Tag Archives: classifier

Stanford Literary Lab – Reflection 2

While the evolving  New Yorker project (February 13 meeting) seemed like the perfect opportunity to begin the internship and follow the entire development of a DH project in Literature, it seems to be a complex and time consuming endeavour to sort out the different interests and sub genre plans. Thus, at this point, as an intern my opportunity to work on a task in this project has been delayed.

However, the leading group of professors involved in other projects suggested to sit in on the Microgenre project, which has been ongoing for some time. The project explores the “discursive inter-disciplinarity of novels, using machine learning to identify points at which authors incorporate the language and style of other contemporary disciplines into their narratives.” The team is looking for moments in a wide range of novels across genres and time periods to determine the way authors signal the shift between narrative and history, philosophy or natural science. Some of the questions they are hoping answer:  “Do these signaling practices change with time or with discipline?

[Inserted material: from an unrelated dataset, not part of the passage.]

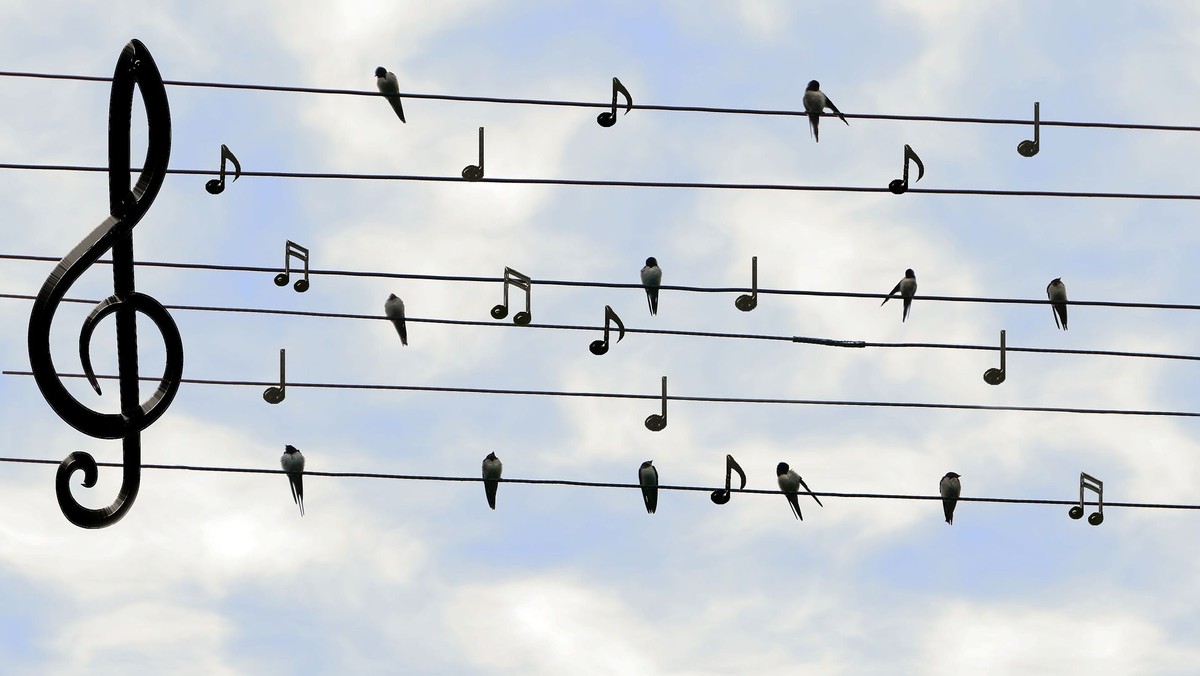 Musikalischer Gottesdienst "Cantate" Singet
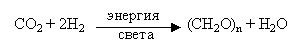 Процесс распускания желатина: подробное объяснение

Akin to what Bakhtin terms “heteroglossia,” these stylistic shifts indicate not only the historically contingent ways that novels are assembled from heterogeneous discourses, but they also shed light on the practices of disciplinary knowledge itself.” Since the disciplines have exploded in number at the ubiversities after 1870, the project is examining novels and journals between 1880 and 1930.

The first meeting I attended on February 14 looked at an extensive spreadsheet containing the disciplinary breakdown of journals found in JSTOR’s database. The goal was to narrow down the number of active journals in each discipline during the target years.  Thus, the discussion and on-the-spot quick Internet research yielded some result in the areas of science, literary, religious, phylosophy, and psychology journals. Besides JSTOR’s, Wikipedia’s metadata was also considered in the search.  At the end of the meeting, I was asked to research law as a discipline in the period 1880-1930. Specifically, to know the premier journals, among those in the JSTOR holdings, in the field in both the U.S. and the U.K. and research and give a brief, qualitative sense of the field at this time: the top schools, the difficulty of obtaining a degree, the major questions in the field. My research results are contained in the PDF file “Law as a Discipline” and were briefly discussed in the following meeting on February 28 along with the other major journals. During that meeting, duplicate journals were disounted for the reason that they span across multiple genres and could create confusion of data in the reading of the DFA Classifier.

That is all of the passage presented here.